**Extracted entries**

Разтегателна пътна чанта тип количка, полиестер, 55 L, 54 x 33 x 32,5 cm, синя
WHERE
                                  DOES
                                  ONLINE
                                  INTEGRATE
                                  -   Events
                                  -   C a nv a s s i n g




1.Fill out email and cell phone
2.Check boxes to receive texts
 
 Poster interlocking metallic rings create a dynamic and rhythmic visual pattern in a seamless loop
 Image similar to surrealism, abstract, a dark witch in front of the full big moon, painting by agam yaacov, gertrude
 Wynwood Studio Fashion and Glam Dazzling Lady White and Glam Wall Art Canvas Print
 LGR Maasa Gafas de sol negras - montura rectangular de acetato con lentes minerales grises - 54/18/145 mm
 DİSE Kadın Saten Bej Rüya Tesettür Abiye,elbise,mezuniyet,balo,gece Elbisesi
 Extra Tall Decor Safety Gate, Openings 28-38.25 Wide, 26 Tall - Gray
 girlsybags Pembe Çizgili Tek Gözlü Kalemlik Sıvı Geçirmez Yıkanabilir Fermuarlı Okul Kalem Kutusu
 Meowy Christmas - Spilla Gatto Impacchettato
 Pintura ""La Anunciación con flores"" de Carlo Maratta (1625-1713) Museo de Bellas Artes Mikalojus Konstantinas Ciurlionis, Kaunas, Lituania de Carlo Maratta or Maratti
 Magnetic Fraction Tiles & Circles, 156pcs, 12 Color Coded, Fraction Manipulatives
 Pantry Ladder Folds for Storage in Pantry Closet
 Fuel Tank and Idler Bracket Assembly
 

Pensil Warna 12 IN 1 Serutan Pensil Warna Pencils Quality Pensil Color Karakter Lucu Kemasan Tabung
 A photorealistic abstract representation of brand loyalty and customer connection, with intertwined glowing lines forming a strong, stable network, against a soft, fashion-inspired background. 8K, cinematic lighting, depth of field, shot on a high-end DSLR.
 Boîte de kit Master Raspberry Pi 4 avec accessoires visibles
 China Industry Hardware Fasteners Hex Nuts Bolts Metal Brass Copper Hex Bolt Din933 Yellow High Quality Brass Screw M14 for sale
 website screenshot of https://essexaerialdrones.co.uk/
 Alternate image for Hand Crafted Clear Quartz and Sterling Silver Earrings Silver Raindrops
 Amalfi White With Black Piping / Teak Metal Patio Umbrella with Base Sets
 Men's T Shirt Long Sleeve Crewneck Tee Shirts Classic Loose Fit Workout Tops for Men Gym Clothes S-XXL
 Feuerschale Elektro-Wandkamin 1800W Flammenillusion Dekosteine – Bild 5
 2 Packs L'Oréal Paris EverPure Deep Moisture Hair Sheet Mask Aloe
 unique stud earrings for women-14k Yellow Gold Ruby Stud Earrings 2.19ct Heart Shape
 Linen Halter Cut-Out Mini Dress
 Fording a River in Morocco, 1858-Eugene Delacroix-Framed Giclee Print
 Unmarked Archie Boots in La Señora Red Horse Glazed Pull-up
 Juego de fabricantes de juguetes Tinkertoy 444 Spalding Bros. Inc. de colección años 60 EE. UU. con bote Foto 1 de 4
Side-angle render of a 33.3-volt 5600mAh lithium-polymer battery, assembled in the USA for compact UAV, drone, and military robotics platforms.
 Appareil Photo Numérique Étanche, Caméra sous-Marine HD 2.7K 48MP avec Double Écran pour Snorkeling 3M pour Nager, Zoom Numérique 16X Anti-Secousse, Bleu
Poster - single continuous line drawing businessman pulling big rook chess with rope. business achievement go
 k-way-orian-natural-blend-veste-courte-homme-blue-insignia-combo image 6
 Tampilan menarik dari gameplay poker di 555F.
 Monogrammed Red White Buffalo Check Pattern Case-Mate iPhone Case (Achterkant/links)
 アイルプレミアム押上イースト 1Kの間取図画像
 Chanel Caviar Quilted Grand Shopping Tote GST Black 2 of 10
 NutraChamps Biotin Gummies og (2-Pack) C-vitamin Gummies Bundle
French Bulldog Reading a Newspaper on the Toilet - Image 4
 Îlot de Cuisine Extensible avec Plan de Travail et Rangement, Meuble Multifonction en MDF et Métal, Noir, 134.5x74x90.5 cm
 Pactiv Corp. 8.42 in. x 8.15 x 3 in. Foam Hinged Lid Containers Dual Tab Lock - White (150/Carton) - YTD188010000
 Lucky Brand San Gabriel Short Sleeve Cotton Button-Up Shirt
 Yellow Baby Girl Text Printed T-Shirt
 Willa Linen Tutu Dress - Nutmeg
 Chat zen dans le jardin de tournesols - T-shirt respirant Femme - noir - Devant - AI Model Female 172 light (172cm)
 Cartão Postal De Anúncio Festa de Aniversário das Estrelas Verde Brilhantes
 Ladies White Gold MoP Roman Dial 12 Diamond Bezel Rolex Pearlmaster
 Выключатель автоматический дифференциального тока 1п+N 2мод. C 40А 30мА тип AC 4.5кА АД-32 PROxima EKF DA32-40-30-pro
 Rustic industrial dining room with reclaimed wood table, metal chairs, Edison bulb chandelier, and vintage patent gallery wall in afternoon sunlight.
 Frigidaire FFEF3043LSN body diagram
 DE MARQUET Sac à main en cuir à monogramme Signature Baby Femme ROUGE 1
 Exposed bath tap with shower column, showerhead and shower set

**Problem**
From the records above, pick out and copy each line holding the word "Earrings".

**Reply**
 Alternate image for Hand Crafted Clear Quartz and Sterling Silver Earrings Silver Raindrops
 unique stud earrings for women-14k Yellow Gold Ruby Stud Earrings 2.19ct Heart Shape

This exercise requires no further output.